(HOST) Commentator Nancy Nahra has been noticing a significant shift in the way young people use our American English language.
(NAHRA) To find out what is happening in our world, I like to listen. Lately I’ve heard strange talk. . .
At a bookstore, “I should have wroten it down.” On a cell phone,”I didn’t know his face since we’d never spoke in person,” and in a restaurant, “It was so hot, they could have drank four glasses.”
If you learned grammar at your school, then you know what was wrong and what would have been correct, no problem. But let’s push it. Why this pattern? Why now?
I think our language, American English, is cracking a little around the edges in a predictable way: it’s losing the words that it needs less than it used to.
We now have less need for forms like “have written” and “have spoken” because people talk in a new way that avoids the past and holds the present. You’ve heard it, not just from kids or even college students, but from adults who should and maybe do know better. In the new idiom they might say, “I’m like ‘wait a minute, no way am I using that elevator,'” instead of, “I was reluctant and afraid to use it.”
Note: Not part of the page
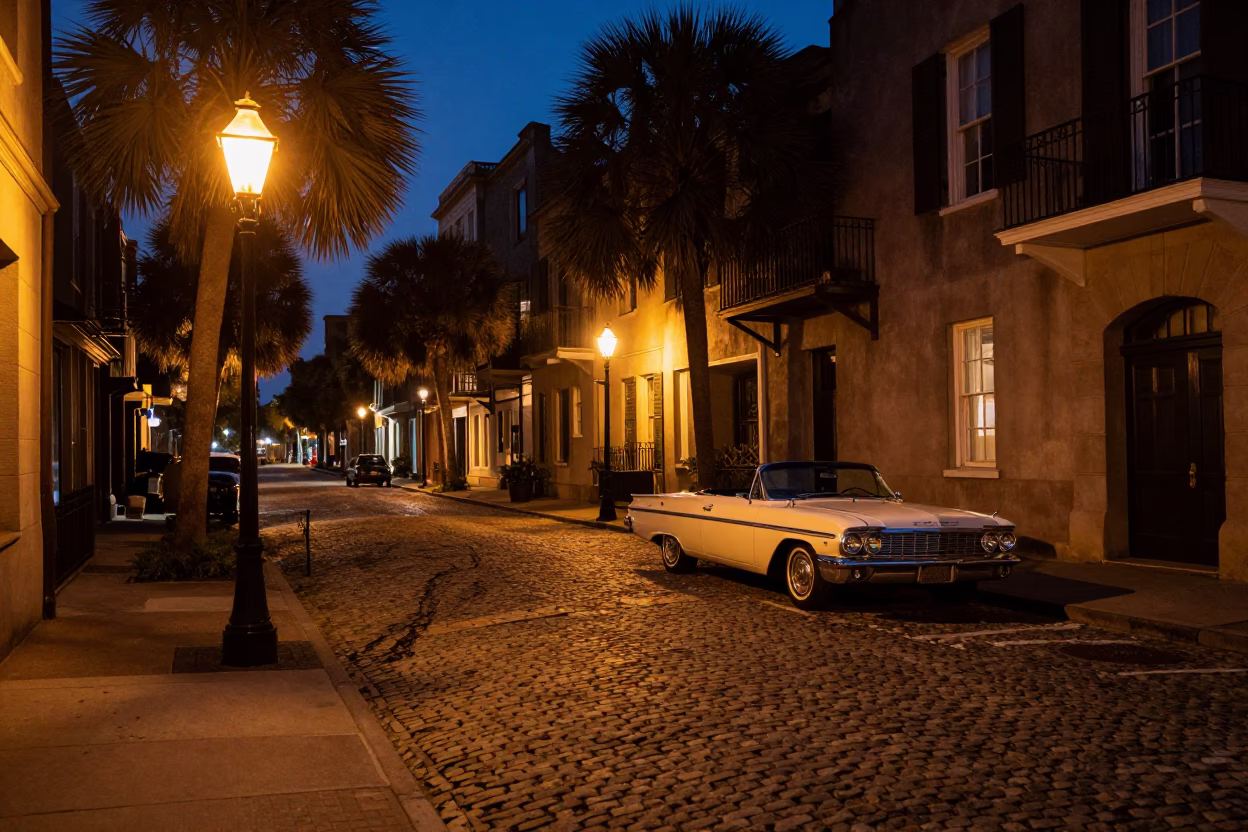 Midnight Charleston Street Scene with Vintage Car and Local Passersby in in Charleston, South Carolina, United States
What a difference. You did just notice something different, but did you notice how big the shift was? Role playing is bumping reporting. That’s what you just heard.
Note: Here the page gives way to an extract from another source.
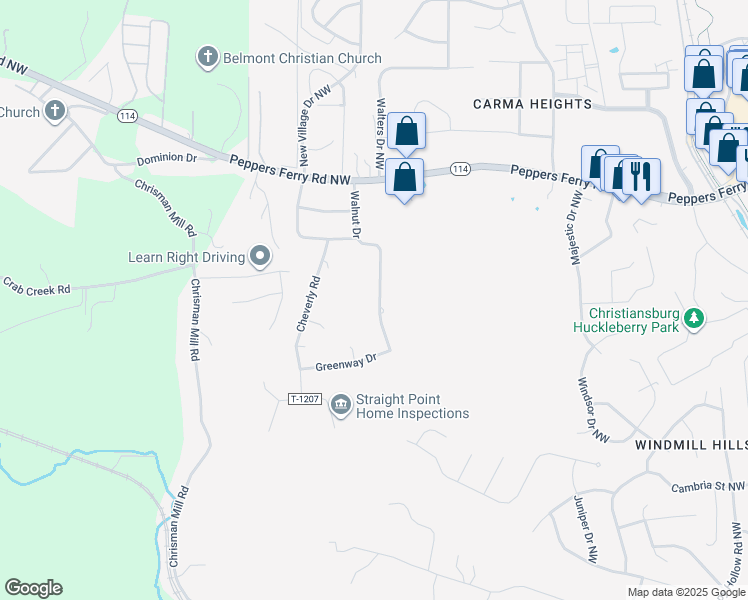 map of restaurants, bars, coffee shops, grocery stores, and more near 101-399 State Route T-1203 in Christiansburg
Instead of accepting the job of telling my experience and asking you to listen, I do something else. I suggest a mood and invite you to re-live being me at the moment. Don’t listen and reflect – just pretend it’s here and now. That’s big: no more speaker and listener, no more then and now. It’s always only now and we’re taking turns being on stage.
We’re moving from using language the way a reporter did – back when people read newspapers – to using the language of script writers. We’re playing hard – and we’re knocking the edges off something that belongs to everyone, our American English.
Nancy Nahra is Professor of Humanities at Champlain College.